What is expected
From the material that follows, please give the number of lines containing the string "Gallery", and that number alone.

Information provided
-=-=-=-=-

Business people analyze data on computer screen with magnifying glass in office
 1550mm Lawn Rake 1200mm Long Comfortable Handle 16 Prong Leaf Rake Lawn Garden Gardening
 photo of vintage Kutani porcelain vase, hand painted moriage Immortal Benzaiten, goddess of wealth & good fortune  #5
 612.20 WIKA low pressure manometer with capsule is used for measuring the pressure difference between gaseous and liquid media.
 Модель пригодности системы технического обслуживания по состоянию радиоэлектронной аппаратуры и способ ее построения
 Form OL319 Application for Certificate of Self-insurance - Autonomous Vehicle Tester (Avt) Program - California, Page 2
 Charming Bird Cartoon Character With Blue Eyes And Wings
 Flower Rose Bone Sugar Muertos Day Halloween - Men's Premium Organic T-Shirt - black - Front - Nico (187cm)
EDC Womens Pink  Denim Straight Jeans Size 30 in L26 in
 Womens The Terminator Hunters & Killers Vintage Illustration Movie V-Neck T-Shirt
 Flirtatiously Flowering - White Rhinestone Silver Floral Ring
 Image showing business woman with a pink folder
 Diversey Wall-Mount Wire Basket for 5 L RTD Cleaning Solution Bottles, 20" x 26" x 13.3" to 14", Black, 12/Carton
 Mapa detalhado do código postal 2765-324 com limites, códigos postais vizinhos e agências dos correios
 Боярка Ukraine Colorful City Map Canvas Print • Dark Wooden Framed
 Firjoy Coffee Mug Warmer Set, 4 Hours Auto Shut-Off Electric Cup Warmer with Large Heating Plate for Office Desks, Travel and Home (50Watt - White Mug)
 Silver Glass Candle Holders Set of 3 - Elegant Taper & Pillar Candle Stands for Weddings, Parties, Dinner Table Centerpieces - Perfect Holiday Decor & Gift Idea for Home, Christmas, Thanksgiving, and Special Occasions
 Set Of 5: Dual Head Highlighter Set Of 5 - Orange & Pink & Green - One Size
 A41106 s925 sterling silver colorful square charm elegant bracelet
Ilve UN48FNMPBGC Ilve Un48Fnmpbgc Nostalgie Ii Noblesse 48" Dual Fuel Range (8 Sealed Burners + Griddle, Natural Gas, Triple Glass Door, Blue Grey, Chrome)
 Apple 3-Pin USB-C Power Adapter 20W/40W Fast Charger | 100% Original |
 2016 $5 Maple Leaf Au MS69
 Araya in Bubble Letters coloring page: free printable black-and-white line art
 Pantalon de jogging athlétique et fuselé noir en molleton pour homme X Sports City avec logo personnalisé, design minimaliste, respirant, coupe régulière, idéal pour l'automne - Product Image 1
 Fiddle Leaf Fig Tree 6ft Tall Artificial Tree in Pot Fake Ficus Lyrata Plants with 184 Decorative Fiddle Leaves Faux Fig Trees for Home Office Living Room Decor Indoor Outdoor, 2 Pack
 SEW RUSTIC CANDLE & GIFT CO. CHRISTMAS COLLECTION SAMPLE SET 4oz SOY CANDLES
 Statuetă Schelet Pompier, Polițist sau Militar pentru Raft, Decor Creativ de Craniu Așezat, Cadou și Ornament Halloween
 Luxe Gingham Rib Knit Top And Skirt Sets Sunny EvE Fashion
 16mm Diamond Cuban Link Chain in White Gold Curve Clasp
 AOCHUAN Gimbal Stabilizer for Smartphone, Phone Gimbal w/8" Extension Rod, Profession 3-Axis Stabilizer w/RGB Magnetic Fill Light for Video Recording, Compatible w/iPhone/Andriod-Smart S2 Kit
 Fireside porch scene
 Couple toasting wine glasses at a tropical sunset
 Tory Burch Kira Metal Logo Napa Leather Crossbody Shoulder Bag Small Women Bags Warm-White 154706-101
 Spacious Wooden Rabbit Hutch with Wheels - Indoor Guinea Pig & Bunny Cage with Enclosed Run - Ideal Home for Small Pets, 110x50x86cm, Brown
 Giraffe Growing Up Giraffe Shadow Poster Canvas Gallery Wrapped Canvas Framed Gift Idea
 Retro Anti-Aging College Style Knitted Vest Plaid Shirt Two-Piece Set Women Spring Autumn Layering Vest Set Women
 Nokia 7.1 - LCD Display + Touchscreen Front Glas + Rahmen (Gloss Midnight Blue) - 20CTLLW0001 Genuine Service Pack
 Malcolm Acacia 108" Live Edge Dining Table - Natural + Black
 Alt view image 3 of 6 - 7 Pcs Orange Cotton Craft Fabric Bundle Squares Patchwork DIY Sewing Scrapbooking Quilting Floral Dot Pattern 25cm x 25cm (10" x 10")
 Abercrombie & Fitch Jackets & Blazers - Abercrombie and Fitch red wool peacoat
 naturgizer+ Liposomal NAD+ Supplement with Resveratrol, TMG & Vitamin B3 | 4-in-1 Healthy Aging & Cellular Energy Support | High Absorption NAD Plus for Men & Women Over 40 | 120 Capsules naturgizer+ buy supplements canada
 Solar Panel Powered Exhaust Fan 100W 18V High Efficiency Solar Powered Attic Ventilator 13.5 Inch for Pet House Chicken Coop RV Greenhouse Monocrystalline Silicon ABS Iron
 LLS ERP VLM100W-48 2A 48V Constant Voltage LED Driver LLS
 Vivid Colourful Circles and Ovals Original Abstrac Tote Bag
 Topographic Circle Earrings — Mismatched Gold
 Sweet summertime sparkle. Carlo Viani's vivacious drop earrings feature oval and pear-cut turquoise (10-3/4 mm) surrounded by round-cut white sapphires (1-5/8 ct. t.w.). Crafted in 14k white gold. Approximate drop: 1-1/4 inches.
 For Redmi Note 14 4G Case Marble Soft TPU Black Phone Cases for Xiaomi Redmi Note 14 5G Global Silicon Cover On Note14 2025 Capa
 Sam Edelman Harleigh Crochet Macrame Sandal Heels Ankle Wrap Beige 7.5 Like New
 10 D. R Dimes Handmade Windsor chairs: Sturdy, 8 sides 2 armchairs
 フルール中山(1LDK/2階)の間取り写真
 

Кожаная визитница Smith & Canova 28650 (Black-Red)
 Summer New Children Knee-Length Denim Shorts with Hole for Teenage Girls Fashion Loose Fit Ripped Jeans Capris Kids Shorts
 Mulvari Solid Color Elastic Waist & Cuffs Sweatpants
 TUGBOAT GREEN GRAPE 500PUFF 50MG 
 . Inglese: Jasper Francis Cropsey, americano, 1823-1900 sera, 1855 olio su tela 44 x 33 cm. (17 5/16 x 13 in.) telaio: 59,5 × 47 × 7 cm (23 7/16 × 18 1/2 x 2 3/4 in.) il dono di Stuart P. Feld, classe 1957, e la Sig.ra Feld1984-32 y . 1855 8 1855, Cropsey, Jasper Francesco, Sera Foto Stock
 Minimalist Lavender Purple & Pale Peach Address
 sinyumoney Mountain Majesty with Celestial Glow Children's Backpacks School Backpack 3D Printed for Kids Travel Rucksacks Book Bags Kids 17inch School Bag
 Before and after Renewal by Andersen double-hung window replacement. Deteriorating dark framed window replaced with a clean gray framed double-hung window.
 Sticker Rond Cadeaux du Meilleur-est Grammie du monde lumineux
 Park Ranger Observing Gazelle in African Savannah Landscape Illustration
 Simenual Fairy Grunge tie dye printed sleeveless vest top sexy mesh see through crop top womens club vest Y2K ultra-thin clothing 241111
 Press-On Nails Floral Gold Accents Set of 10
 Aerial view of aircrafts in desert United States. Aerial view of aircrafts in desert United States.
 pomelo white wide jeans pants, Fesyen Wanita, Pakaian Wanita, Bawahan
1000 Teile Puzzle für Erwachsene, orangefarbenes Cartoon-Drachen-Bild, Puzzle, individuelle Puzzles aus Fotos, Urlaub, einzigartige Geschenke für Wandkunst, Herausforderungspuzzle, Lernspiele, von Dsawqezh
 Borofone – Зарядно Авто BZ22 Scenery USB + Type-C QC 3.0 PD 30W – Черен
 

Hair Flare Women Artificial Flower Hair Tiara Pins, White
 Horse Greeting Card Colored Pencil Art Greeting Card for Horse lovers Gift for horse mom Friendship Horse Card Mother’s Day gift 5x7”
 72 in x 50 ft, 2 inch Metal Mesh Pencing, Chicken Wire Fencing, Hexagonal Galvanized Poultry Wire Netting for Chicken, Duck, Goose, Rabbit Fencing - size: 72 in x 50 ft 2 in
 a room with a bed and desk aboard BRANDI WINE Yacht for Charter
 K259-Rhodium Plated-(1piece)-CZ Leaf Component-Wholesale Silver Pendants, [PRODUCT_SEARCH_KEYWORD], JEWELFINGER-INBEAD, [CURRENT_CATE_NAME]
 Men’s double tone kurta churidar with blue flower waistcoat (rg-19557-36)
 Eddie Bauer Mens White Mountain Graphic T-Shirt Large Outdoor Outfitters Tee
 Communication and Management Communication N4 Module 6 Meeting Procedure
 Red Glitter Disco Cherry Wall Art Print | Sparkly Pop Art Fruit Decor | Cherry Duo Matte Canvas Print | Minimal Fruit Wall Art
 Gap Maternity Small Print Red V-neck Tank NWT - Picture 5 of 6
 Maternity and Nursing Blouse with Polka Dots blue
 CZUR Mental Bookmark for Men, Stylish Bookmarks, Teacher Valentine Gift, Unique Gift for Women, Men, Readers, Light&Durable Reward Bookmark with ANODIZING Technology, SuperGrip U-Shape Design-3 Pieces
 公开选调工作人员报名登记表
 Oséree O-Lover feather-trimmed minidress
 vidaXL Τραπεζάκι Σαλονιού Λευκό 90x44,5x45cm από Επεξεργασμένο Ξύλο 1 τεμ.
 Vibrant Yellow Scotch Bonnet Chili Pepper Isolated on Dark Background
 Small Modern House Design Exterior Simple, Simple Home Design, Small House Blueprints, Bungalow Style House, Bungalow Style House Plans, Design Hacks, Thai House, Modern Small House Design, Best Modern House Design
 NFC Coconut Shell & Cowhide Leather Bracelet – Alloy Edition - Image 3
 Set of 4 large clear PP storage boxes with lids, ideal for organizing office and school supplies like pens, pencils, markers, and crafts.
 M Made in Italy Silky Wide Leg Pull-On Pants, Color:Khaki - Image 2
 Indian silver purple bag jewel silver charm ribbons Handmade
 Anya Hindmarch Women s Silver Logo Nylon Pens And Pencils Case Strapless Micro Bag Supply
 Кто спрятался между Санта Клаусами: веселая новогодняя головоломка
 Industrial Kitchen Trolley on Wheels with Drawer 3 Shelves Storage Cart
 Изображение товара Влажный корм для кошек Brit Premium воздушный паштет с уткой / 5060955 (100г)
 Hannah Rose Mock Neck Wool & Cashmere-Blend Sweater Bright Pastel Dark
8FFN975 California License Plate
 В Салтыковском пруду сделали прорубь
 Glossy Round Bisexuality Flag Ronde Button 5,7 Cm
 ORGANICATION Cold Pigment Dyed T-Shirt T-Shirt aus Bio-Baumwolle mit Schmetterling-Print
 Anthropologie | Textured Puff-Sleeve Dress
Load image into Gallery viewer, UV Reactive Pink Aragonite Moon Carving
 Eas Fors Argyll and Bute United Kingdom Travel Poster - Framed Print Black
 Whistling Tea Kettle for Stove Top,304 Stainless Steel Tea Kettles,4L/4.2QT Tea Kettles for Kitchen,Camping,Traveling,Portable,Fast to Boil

-=-=-=-=-

Exercise solution
2